Voici une déclaration qui ne peut que convenir aux adhérents et sympathisants de Plein Jour.
Et voici donc un nouveau partenaire dans la lutte contre le célibat imposé aux prêtres de l’Eglise Catholique Romaine ! Nous ne pouvons que nous en réjouir !
Déclaration au sujet de la pédophilie dans l’Église – Réseau de la Conférence des baptisé-e-s (CCBF)
Devant la persistance et l’aggravation considérable des dénonciations par la justice civile d’actes de pédophilie dans l’Église catholique, devant l’appel du pape François à toutes les communautés catholiques, la CCBF entend prendre sa part, à la fois dans la solidarité envers les victimes et dans la vigilance contre une culture de mort qui abuse du corps d’autrui.
Elle fait sienne la vigoureuse dénonciation du cléricalisme faite par le pape François.
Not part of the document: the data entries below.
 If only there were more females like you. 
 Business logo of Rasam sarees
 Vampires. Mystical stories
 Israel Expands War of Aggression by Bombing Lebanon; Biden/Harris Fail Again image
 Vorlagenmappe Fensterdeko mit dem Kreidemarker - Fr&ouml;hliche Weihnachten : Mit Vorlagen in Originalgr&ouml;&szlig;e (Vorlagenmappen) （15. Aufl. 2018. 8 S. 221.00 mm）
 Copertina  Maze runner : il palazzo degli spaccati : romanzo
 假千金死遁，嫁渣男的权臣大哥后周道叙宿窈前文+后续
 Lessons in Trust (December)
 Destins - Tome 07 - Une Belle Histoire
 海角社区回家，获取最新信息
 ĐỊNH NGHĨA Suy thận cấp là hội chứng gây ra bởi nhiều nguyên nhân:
Sans nier la profonde solidarité entre laïcs et prêtres que le jeûne et la prière peuvent insuffler, elle demande que l’Église prenne des dispositions concrètes pour aller jusqu’à la racine de ce cléricalisme qui est, pour l’Église et pour la société toute entière, un poison.
Il est urgent de ne plus fermer les yeux sur les conditions objectives qui le favorisent : célibat obligatoire, absence de femmes dans les instances de décisions, anthropologie qui méconnaît la fonction structurante de la sexualité dans le psychisme d’un être humain et se fonde sur « ce qui serait ‘naturel’, un concept qui n’existe pas, abus spirituels et emprise psychique sur des religieux, religieuses et simples fidèles, terrible culture de l’entre soi – entretenue dans les séminaires – qui définit un sérail et des gens qui lui resteront extérieurs, concentration inacceptable de toutes les décisions de l’Église – qui concernent pourtant tous les fidèles – dans les mains d’une petite caste de personnes qui se protègent les unes et les autres en toute impunité.
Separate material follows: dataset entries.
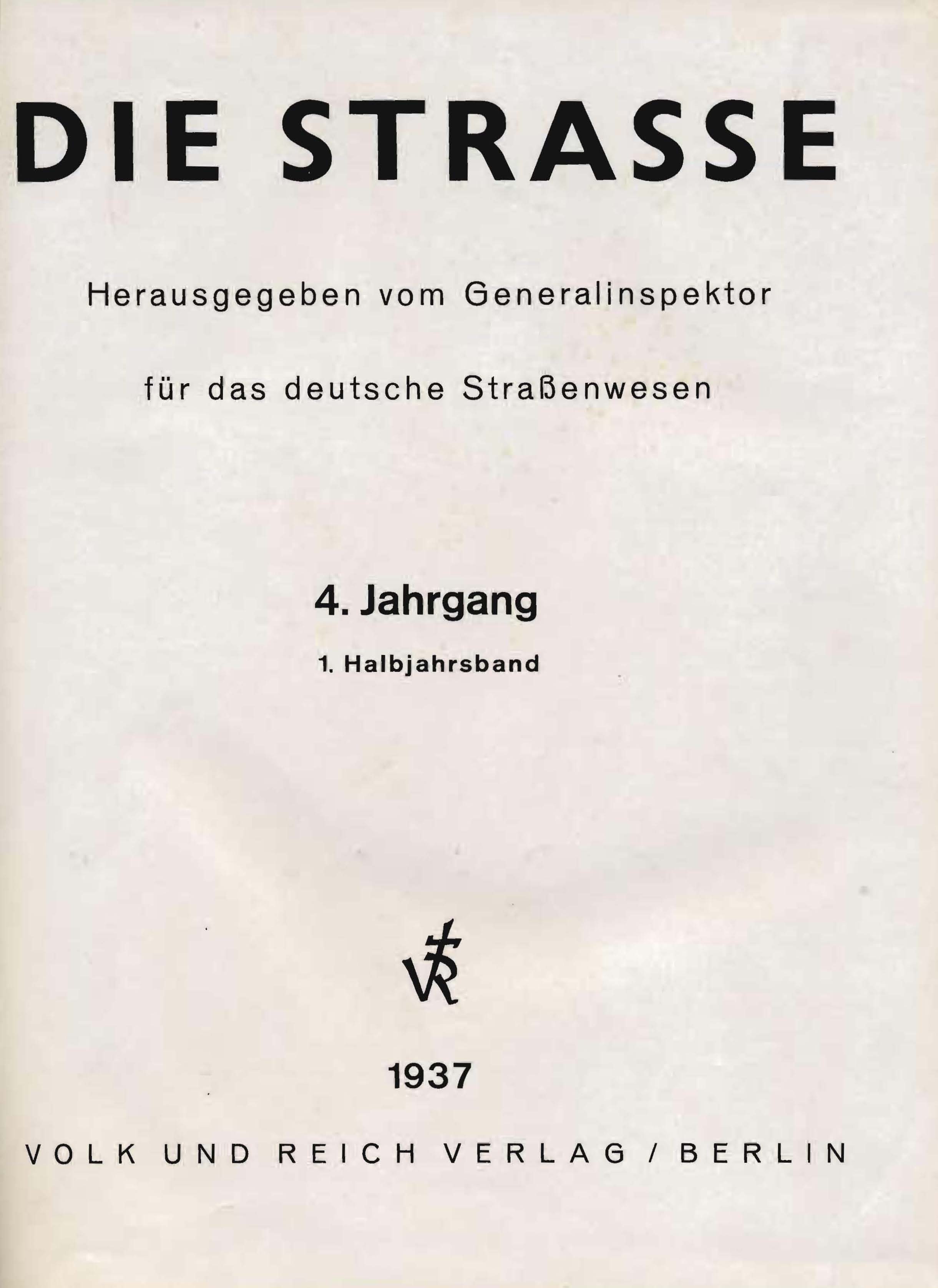 Die Straße, 4. Jahrgang 1937, 1. Halbjahrsband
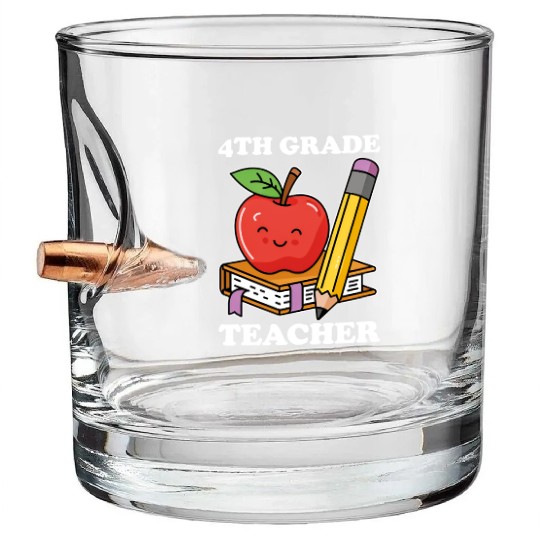 4th Grade Teacher Back to School Bullet Whiskey Glasses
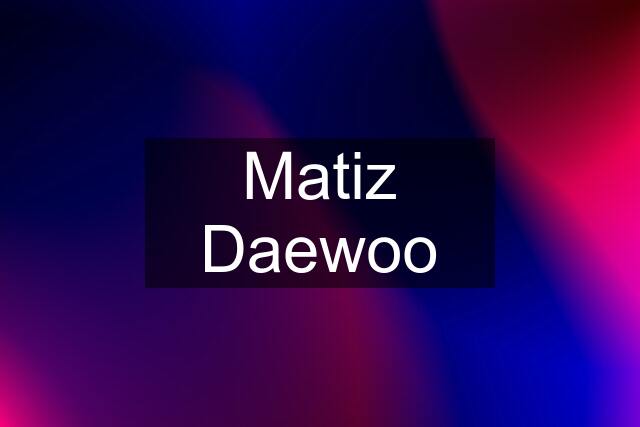 Matiz Daewoo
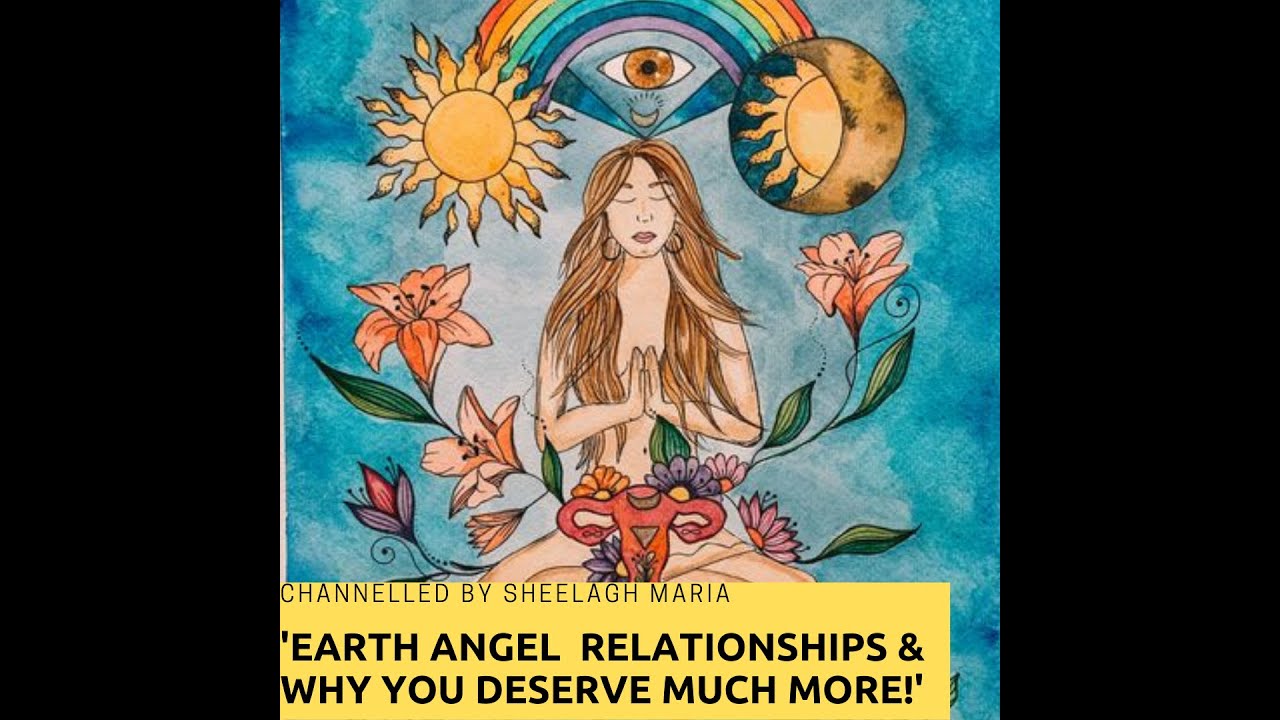 EARTH ANGEL RELATIONSHIPS WHY YOU DESERVE MORE!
Car c’est masqué et pavé de bonnes intentions que le cléricalisme opère, non seulement en matière de mœurs, mais dans une manière d’être, dans un discours pervers qui instrumentalise le divin, maquille le pouvoir en « service », et infantilise le peuple catholique. Il est temps de se souvenir de l’adage « qui veut faire l’ange fait la bête. »
La CCBF observe ces jours-ci des manœuvres latérales pour minimiser ces faits, pour les imputer à un autre temps où la société n’avait pas sur ces sujets la clairvoyance actuelle, pour relativiser la notion d’attouchement, pour dire qu’une fois, c’est bien peu… et pour déplorer la médiatisation de ces « affaires ». Ces procédés sont scandaleux. Derrière, il y a un concept qui fait flores, celui de la « raison d’Église » qui veut que sous le couvert de la sainte obéissance, on minimise, on dissimule, on prétende régler « en interne » le problème, loin des micros et des caméras et pire encore, en faisant obstruction à la justice civile.
La CCBF réaffirme avec force que la justice civile doit être le premier interlocuteur de l’Église : curie, évêques et supérieurs majeurs des congrégations religieuses doivent lui communiquer toutes les informations utiles. Aussi elle demande que le pape ordonne aux intéressés d’aller systématiquement déclarer aux instances civiles les faits commis sur des mineurs. Trop souvent, dans l’Église, on croit que la justice de Dieu dépasse la justice des hommes ; mais l’une ne va pas sans l’autre. Ces dérives pathétiques, outre les effets pervers qu’elles ont sur le corps de l’Église, lui font perdre, en France en particulier, toute crédibilité en matière éthique.
Elles conduisent la CCBF à demander l’ouverture d’assises sur la gouvernance de l’Église de France. Nous croyants, sommes impliqués, nolens volens, dans ce discrédit qui nous atteint individuellement et collectivement. Nous ne pouvons croire qu’il s’agit d’exceptions. Ces événements sont la conséquence d’un mode de gestion qui a failli et qui doit être repensé avec les laics. Il faut oser faire confiance au peuple de Dieu, à son « sensus fidei », pensé en lien avec le magistère, bien sûr, ce « sens de la foi » unanimement reconnu, mais scandaleusement inutilisé. Il ne manque pas de forces, dans le monde catholique, pour donner de leurs compétences, de leur expérience et de leur foi au service d’une Église attentive aux appels de l’Évangile. « Le baptême précède et dépasse l’ordination » dit le pape François. Écoutons les baptisés et entrons délibérément dans un nouvel âge de notre Église.